YOUR OBJECTIVE: Set down exactly, from the records below, the line with "Arlington Texas 76018" through the line with "Pendant and necklace", and nothing else.

PROVIDED ENTRIES:
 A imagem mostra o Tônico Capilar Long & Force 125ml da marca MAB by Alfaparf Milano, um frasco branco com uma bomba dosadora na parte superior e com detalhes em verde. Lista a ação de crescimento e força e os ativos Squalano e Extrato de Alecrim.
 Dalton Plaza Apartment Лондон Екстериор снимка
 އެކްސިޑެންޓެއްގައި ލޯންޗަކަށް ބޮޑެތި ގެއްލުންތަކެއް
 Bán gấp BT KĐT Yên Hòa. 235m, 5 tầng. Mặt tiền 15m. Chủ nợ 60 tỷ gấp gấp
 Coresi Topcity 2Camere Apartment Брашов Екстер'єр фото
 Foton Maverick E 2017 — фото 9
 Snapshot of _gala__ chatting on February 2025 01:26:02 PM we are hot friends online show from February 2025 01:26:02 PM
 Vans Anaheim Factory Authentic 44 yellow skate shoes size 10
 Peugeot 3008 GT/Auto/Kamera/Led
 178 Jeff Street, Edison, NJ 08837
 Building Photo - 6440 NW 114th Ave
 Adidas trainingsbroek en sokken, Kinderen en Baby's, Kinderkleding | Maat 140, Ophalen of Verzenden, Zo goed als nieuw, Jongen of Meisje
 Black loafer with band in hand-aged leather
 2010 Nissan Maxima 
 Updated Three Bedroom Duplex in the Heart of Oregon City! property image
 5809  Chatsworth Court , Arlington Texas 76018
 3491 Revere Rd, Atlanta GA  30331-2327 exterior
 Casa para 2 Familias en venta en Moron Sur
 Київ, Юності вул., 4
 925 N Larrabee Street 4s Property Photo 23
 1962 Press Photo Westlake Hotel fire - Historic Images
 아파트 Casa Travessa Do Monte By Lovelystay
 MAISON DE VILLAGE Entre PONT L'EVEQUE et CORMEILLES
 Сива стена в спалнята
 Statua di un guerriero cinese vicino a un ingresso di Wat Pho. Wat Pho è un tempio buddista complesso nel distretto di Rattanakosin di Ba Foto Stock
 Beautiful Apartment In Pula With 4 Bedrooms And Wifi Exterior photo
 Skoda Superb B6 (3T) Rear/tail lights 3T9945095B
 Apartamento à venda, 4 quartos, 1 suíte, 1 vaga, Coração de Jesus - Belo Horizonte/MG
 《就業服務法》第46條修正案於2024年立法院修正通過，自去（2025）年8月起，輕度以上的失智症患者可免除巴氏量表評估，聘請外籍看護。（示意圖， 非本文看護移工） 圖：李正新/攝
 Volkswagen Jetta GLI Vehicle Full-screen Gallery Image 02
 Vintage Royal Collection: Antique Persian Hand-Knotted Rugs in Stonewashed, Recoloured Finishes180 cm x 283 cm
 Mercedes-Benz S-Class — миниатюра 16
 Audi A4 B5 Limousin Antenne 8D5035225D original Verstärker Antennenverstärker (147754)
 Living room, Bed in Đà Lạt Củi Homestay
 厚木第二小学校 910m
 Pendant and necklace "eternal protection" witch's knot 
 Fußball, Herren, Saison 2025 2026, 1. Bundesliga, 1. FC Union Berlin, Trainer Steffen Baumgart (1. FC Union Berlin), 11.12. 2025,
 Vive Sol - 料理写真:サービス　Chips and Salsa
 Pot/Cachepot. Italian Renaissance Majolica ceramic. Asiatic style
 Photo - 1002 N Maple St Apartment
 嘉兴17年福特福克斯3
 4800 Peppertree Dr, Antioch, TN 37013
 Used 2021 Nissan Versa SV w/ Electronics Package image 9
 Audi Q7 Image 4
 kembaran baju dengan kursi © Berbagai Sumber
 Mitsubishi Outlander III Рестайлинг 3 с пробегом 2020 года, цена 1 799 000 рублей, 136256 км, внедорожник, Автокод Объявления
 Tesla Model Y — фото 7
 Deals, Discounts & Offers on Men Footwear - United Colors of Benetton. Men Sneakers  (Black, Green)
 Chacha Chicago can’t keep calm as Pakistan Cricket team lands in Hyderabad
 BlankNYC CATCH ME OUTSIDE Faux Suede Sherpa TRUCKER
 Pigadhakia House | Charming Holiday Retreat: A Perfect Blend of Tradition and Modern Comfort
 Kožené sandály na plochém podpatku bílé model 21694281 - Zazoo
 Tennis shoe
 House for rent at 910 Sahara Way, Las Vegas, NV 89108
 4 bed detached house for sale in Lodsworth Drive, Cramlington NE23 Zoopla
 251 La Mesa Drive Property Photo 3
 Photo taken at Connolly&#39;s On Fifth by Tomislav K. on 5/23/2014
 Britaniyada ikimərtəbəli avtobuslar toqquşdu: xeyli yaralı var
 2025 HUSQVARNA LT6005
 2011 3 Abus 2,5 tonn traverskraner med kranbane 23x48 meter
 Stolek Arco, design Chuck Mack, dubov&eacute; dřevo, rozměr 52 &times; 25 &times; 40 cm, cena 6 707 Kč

SOLUTION:
 5809  Chatsworth Court , Arlington Texas 76018
 3491 Revere Rd, Atlanta GA  30331-2327 exterior
 Casa para 2 Familias en venta en Moron Sur
 Київ, Юності вул., 4
 925 N Larrabee Street 4s Property Photo 23
 1962 Press Photo Westlake Hotel fire - Historic Images
 아파트 Casa Travessa Do Monte By Lovelystay
 MAISON DE VILLAGE Entre PONT L'EVEQUE et CORMEILLES
 Сива стена в спалнята
 Statua di un guerriero cinese vicino a un ingresso di Wat Pho. Wat Pho è un tempio buddista complesso nel distretto di Rattanakosin di Ba Foto Stock
 Beautiful Apartment In Pula With 4 Bedrooms And Wifi Exterior photo
 Skoda Superb B6 (3T) Rear/tail lights 3T9945095B
 Apartamento à venda, 4 quartos, 1 suíte, 1 vaga, Coração de Jesus - Belo Horizonte/MG
 《就業服務法》第46條修正案於2024年立法院修正通過，自去（2025）年8月起，輕度以上的失智症患者可免除巴氏量表評估，聘請外籍看護。（示意圖， 非本文看護移工） 圖：李正新/攝
 Volkswagen Jetta GLI Vehicle Full-screen Gallery Image 02
 Vintage Royal Collection: Antique Persian Hand-Knotted Rugs in Stonewashed, Recoloured Finishes180 cm x 283 cm
 Mercedes-Benz S-Class — миниатюра 16
 Audi A4 B5 Limousin Antenne 8D5035225D original Verstärker Antennenverstärker (147754)
 Living room, Bed in Đà Lạt Củi Homestay
 厚木第二小学校 910m
 Pendant and necklace "eternal protection" witch's knot 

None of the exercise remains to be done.